Klimaschutz: EU macht Greenwashing für Firmen zum Millionenrisiko

by donmonron

9 comments
  1. die armen konzerne dürfen nicht mehr so viel lügen. denkt doch mal an unsere wirtschaft.

  2. Paywall- Aber das was ich lesen kann, spricht von einem Entwurf. Ich würde gerne wissen, wie sicher dieses Ding durchgebracht wird.

    Habe da so meine Zweifel, dank der Konservativen und den Liberalen.
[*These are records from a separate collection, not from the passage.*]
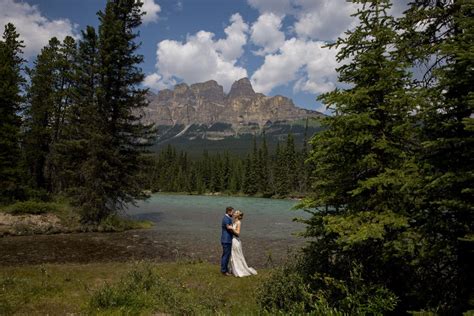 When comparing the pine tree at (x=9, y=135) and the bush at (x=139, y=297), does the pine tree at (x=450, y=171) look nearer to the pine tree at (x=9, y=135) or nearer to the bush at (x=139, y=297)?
the bush at (x=139, y=297)

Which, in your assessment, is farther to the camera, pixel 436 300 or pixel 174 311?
pixel 174 311

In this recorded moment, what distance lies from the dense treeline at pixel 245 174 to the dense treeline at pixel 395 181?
297 ft

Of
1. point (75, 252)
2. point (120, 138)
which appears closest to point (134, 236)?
point (75, 252)

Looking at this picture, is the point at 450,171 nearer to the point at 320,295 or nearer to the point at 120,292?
the point at 320,295

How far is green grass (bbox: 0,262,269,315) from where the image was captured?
892 centimetres

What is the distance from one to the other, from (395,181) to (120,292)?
804cm

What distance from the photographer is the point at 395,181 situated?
25.6 feet

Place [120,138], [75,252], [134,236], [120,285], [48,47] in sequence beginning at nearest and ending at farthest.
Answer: [120,285] → [75,252] → [134,236] → [120,138] → [48,47]

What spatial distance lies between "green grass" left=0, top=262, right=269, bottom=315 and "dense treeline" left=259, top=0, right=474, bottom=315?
6.17 feet

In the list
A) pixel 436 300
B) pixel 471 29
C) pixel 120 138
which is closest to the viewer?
pixel 471 29

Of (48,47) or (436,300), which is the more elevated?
(48,47)

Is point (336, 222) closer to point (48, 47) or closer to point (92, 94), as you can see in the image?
point (92, 94)

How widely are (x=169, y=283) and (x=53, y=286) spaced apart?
3.60m

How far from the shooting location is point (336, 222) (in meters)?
8.49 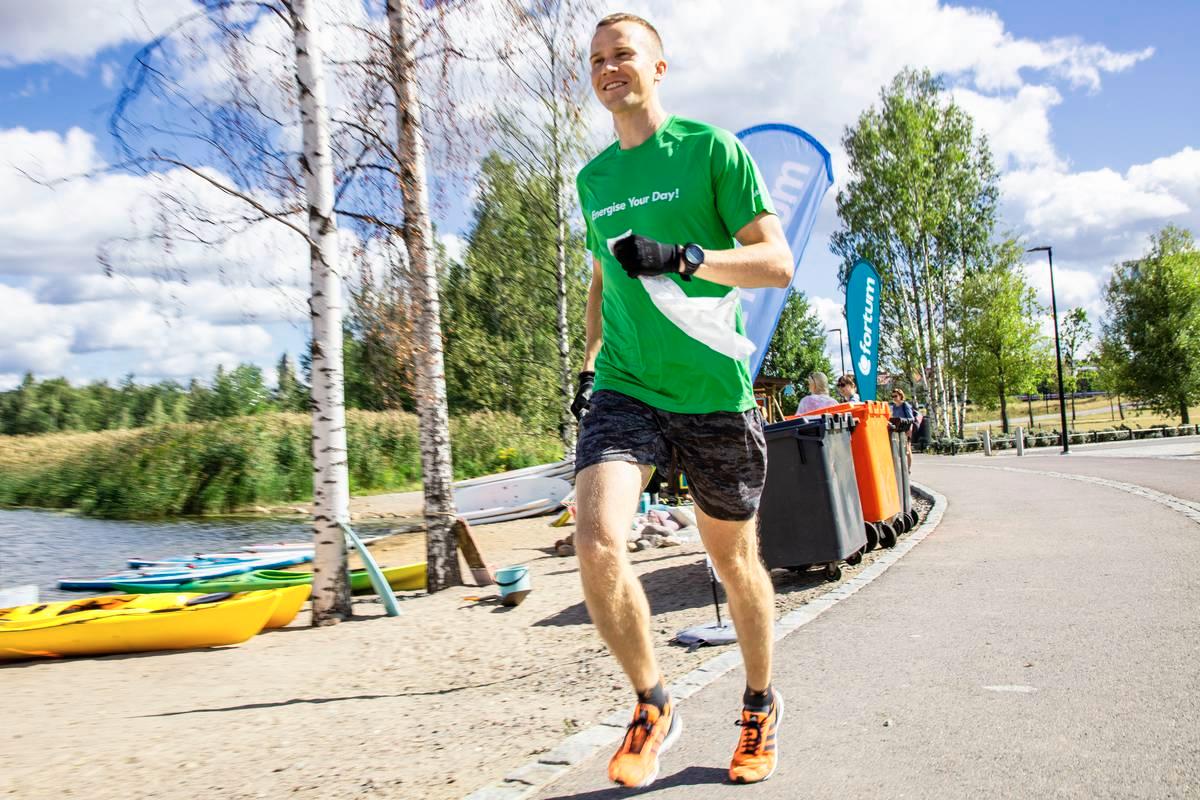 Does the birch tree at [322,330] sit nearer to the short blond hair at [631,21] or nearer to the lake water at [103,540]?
the short blond hair at [631,21]

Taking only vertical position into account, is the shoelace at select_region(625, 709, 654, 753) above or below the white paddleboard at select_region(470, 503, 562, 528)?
above

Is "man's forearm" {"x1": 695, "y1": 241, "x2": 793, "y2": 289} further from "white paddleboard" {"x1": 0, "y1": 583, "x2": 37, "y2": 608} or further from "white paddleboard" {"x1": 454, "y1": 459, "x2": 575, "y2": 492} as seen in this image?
"white paddleboard" {"x1": 454, "y1": 459, "x2": 575, "y2": 492}

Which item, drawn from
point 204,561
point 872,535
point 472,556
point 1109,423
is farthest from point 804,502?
point 1109,423

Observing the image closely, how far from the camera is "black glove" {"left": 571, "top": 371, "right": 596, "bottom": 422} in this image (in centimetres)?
321

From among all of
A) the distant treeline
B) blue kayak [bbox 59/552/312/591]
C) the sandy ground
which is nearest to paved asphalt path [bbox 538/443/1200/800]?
the sandy ground

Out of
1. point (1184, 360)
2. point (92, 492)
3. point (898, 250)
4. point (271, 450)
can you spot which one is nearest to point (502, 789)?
point (271, 450)

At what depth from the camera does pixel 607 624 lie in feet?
9.37

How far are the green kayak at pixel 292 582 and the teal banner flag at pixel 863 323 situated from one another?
5.14 metres

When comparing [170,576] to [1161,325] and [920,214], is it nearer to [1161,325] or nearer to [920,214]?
[920,214]

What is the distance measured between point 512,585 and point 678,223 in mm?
5376

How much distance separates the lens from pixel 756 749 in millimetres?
3045

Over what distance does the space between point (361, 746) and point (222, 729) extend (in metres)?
0.96

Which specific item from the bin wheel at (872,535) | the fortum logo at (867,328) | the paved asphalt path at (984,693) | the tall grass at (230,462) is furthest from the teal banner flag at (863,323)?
the tall grass at (230,462)

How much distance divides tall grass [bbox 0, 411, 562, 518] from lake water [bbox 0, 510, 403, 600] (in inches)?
84.8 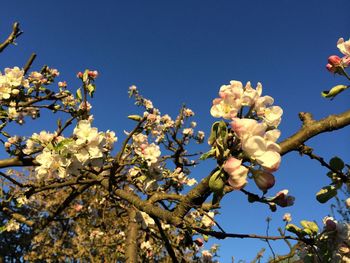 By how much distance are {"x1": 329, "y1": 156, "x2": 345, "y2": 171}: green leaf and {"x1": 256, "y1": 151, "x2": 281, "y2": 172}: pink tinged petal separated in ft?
2.25

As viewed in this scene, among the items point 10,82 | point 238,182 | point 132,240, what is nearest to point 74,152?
point 238,182

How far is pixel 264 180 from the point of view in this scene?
1485mm

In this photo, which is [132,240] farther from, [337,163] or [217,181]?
[217,181]

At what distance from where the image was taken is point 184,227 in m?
1.95

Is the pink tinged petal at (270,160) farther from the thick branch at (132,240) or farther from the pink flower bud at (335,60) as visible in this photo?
the thick branch at (132,240)

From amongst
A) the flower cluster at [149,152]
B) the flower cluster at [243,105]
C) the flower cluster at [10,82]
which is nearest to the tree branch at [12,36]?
the flower cluster at [10,82]

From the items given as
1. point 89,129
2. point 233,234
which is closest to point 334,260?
point 233,234

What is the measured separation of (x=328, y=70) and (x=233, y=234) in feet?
3.04

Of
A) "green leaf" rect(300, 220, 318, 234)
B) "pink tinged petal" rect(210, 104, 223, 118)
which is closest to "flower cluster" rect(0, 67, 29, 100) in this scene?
"pink tinged petal" rect(210, 104, 223, 118)

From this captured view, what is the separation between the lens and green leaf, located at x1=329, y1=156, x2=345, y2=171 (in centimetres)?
200

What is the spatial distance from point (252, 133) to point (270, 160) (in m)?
0.12

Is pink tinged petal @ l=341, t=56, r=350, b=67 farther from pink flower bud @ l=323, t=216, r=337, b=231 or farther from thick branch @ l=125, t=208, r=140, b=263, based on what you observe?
thick branch @ l=125, t=208, r=140, b=263

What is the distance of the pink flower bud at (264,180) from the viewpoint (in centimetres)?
148

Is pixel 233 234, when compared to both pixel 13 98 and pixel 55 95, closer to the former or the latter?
pixel 13 98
  3. Die Green Claims Directive setzt in Deutschland hauptsächlich auf das UWG auf, darin sind bereits irreführende Aussagen zu Produkten gegenüber Verbrauchern generell verboten. Neu ist aber, dass Unternehmen nun bei JEDER klimabezogenen Aussage eine unabhängige (teure) Bewertung und Zertifizierung einholen müssen, um einen Claim nutzen zu dürfen. Das wird ein Bürokratiebollwerk und wird noch sehr anstrengend.
    Noch ist es nicht aus der Entwurfsphase raus, aber sobald die Richtlinie verabschiedet ist, haben die Mitgliedsstaaten 18 Monate Zeit, diese umzusetzen.

  4. hier der Text:

    Düsseldorf. Noch werben viele Unternehmen mit Labeln wie „klimaneutral“ oder „CO2-neutral“, um sich bei den zunehmend umweltbewussten Verbrauchern zu profilieren. Doch das könnte sich rächen. Denn eine neue EU-Richtlinie gegen Greenwashing dürfte für die Wirtschaft zu einem unkalkulierbaren Millionenrisiko werden.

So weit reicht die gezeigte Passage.